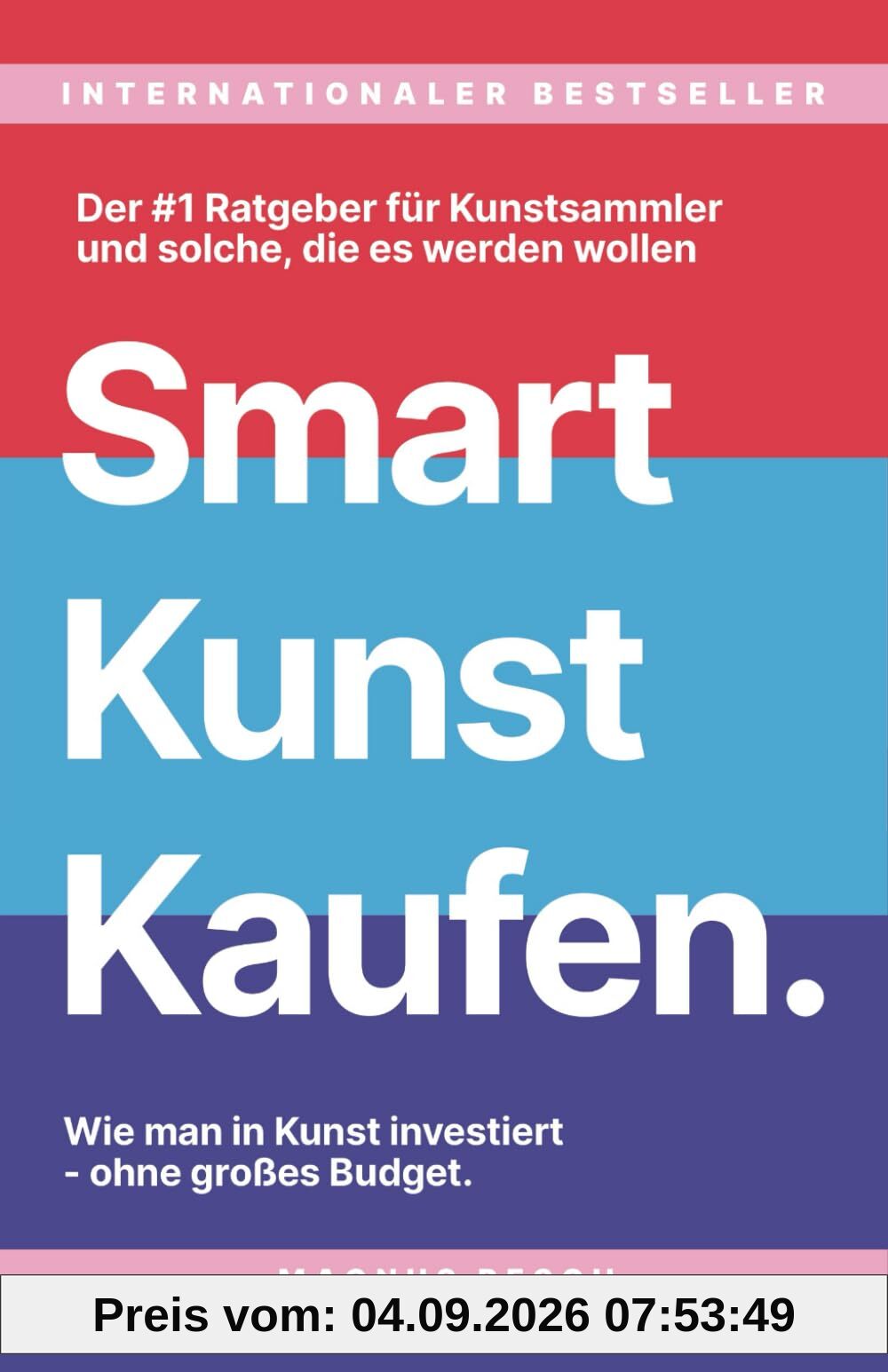 Smart Kunst Kaufen: Wie man in Kunst investiert, ohne großes Budget. Der #1 Ratgeber für Kunstsammler, und solche die es werden wollen.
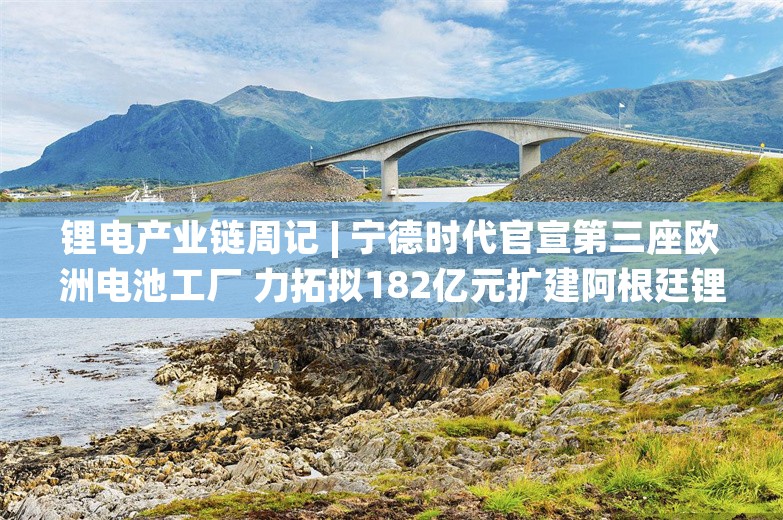 锂电产业链周记 | 宁德时代官宣第三座欧洲电池工厂 力拓拟182亿元扩建阿根廷锂项目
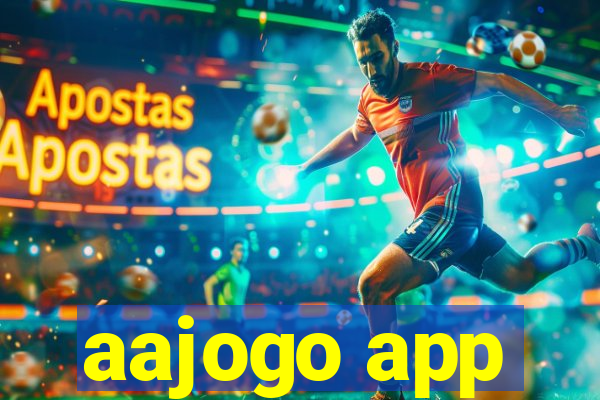 aajogo app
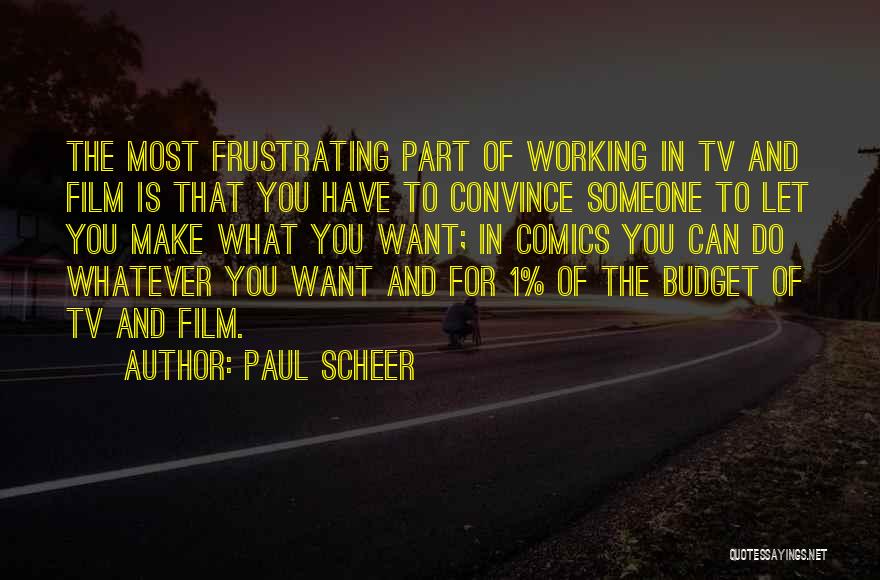 Paul Scheer Quotes: The Most Frustrating Part Of Working In Tv And Film Is That You Have To Convince Someone To Let You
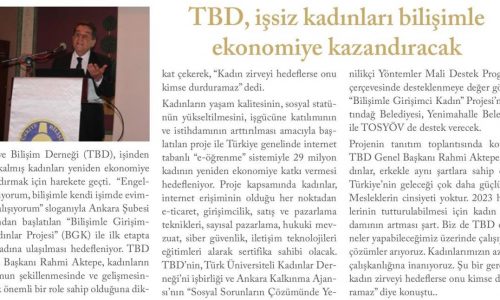 TBD, İşsiz Kadınları Bilişimle Ekonomiye Kazandıracak – Call Center Life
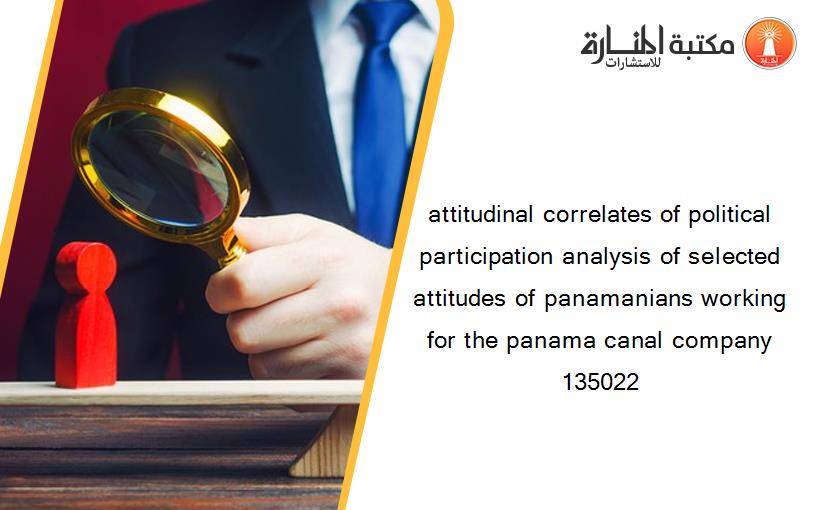 attitudinal correlates of political participation analysis of selected attitudes of panamanians working for the panama canal company 135022
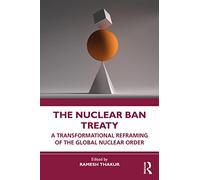 The Nuclear Ban Treaty: A Transformational Reframing of the Global Nuclear Order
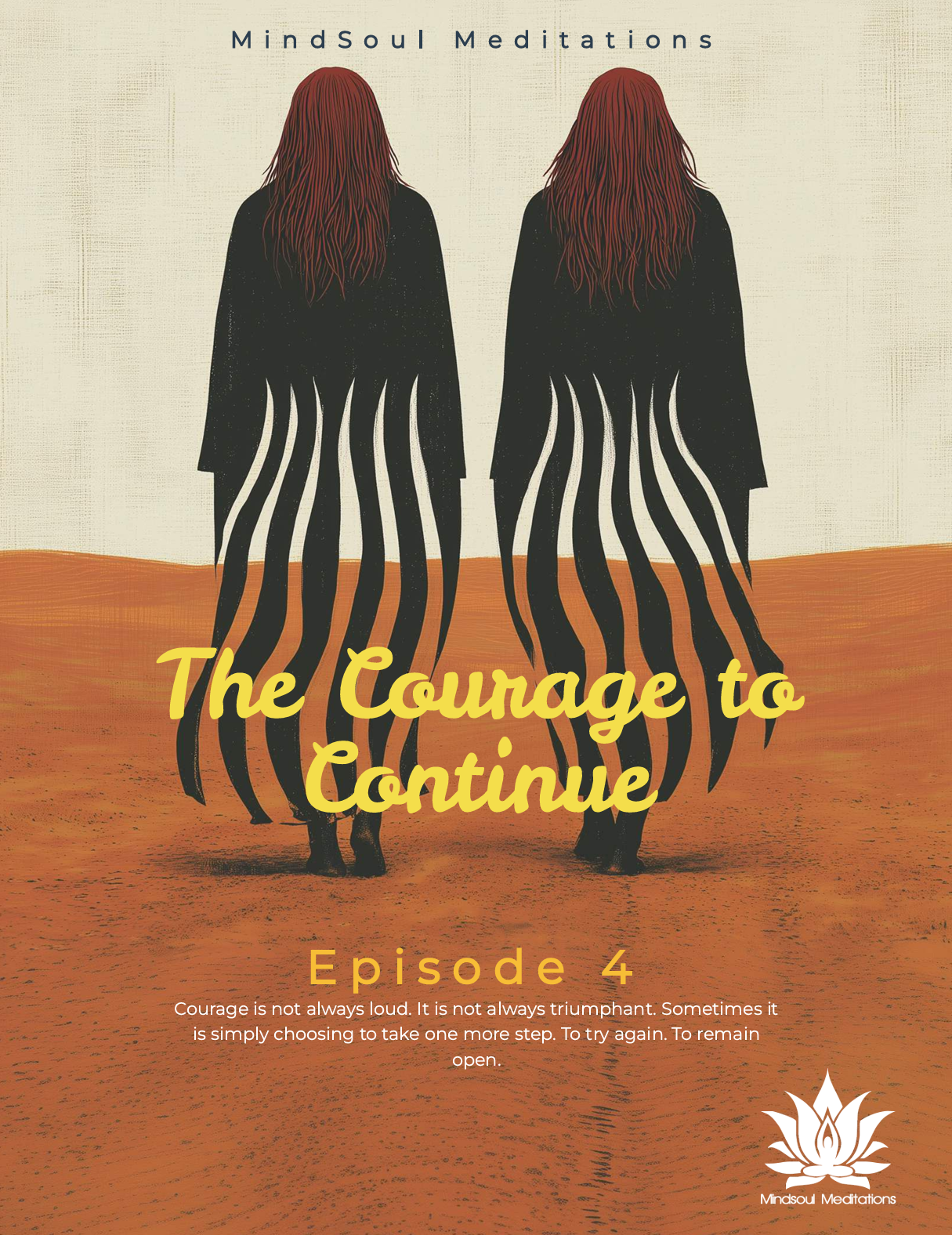 The Courage to Continue — Episode 4 Workbook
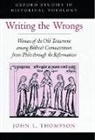 John Thompson, John L. Thompson, John L. (Professor of Historical Theolog Thompson, Thompson John L. - Writing the Wrongs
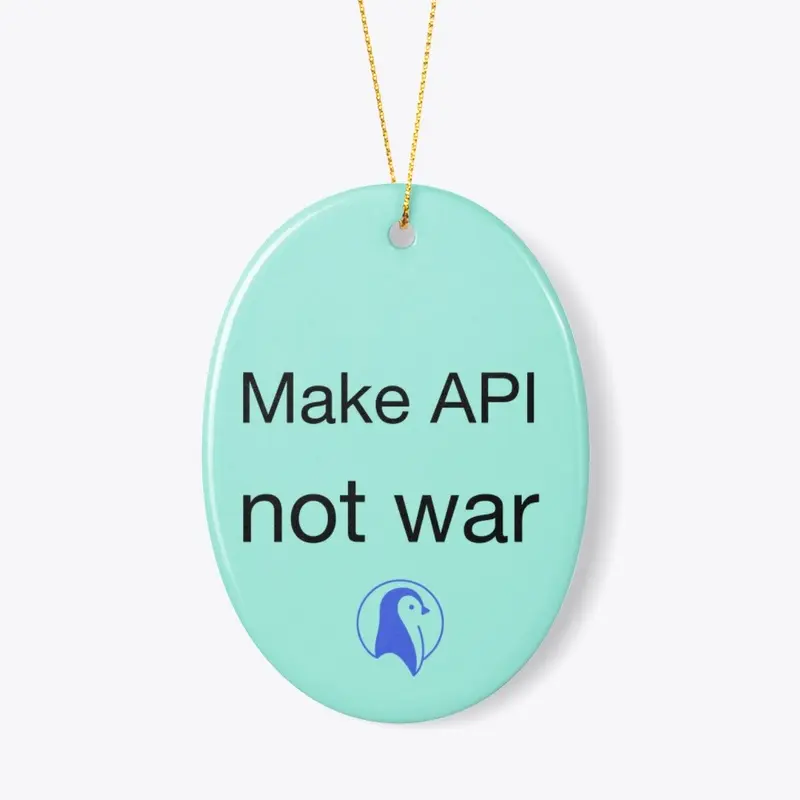 Make API not war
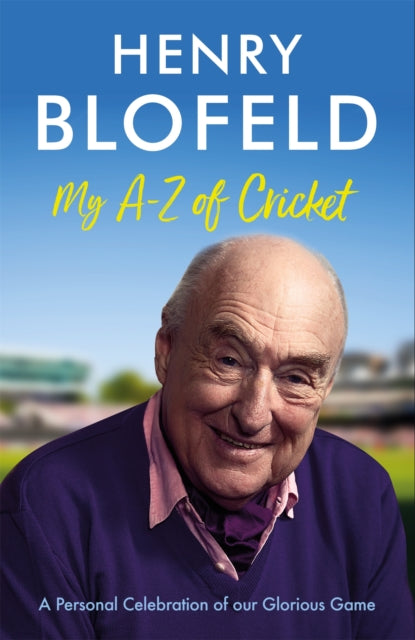 My A-Z of Cricket : A personal celebration of our glorious game-9781529378511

+++

### Your assignment
Produce an exact reproduction of the listing above, limited to the lines starting at the line with "锂电产业链周记 | 宁德时代官宣第三座欧洲电池工厂 力拓拟182亿元扩建阿根廷锂项目" and ending at the line with "TBD, İşsiz Kadınları", both kept, with every picture left out.

### Finished exercise
 锂电产业链周记 | 宁德时代官宣第三座欧洲电池工厂 力拓拟182亿元扩建阿根廷锂项目
 aajogo app
 Paul Scheer Quotes: The Most Frustrating Part Of Working In Tv And Film Is That You Have To Convince Someone To Let You
 TBD, İşsiz Kadınları Bilişimle Ekonomiye Kazandıracak – Call Center Life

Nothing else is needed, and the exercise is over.